The moments immediately following an auto accident are distressing and confusing no matter what the circumstances. This critical timeframe is when the clock starts on your claim reporting. How quickly you report a claim determines how that claim will play out in some surprising ways in terms of the ultimate cost, stress to your business and, perhaps most importantly, the way the accident reflects on your business’ reputation.
What is claim reporting lag and why does it matter?
Claim reporting lag is the time between the actual occurrence of loss and when it gets reported to your insurance carrier. Numerous circumstances can extend this time period, but claims adjusters repeatedly witness the correlation between long lag times and claim outcomes that could have been better if only the adjuster had been involved sooner.
Most discussions of the negative effects of extensive claim reporting lags pertain to workers’ compensation insurance, but auto liability is just as susceptible, if not more so. With an auto liability claim, there is a third party involved and you have less control over what happened just before, during and after the accident as compared to an incident inside your facility involving one of your employees.
Also, in auto liability cases you may be acting under the false assumption that there is no liability if the accident clearly wasn’t your employee’s fault. But what you think you’re liable for doesn’t take away the other party’s right to pursue a claim. The physical damage to the vehicles involved should also be a concern as repair costs continue to increase exponentially, due to rising materials costs and labor charges.

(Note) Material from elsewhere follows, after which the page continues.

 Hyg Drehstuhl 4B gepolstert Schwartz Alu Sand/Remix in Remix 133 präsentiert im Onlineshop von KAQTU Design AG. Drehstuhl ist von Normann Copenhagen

Five consequences of longer claim reporting lags
With each hour, day or week that passes before you report an auto incident to your carrier, your odds of a less-than-desirable outcome increase. Consider some of the possible negative consequences of delayed claim reporting:
- Increased chance that the third party will hire an attorney and file suit. Evidence shows that the longer it takes to respond to the third parties involved, the more likely they’ll take action against your company. In today’s consumer-driven world, people expect a prompt response to their concerns, and any delay puts you at a disadvantage right from the start.
- Higher property damage costs. Longer lag times can mean higher expenses for repair costs, car rentals, down time, storage costs and other expenses. Additional damage can occur if a vehicle is exposed to the elements for an extended period of time.
- More of your company’s time spent handling the logistics of post-incident tasks. A professional claim handler can remove the burden of the many administrative details after an incident and has access to resources you may not have, such as specialist repair and recovery services.
- Impeded ability to get the best possible result. A claims adjuster can more accurately assess your liability immediately after the incident occurs. Plus, if there is fraud involved by the third party, there will be less chance of detecting it as time passes.
- Increased risk of damage to your company’s brand and reputation. Your reputation could suffer if the third party feels mistreated and takes to social media to air his or her complaints. Injured people want to know that someone cares, and an experienced claim adjuster knows how to act on your behalf to respond compassionately and professionally.
Some ways you can reduce claim reporting lag time
The sooner an experienced claim handler gets involved, the smoother the claim will likely go for everyone involved in the incident and the better the chances of a positive outcome. Here are some tips for reducing lag time:
- Assess your internal reporting procedures for auto incidents. A lengthy internal “chain of command” slows down reporting to your broker and insurer.
- Even if your employee is not at fault in the incident, report it to your broker or carrier immediately.
- Discourage your employees from attempting to resolve the claim directly with the third party or that person’s insurance company.
- Include incident reporting as part of your fleet safety training program. Make sure employees know to report regardless of fault.
- Never assume a claim will “just go away.”
The bottom line is trust your broker, insurer and your claims adjuster to do what’s right, including thoroughly investigating the claim and paying what’s fairly owed. Claims adjusters have years of experience handling these types of incidents and you’ll benefit from allowing them to apply their investigative, legal and medical expertise as quickly as possible.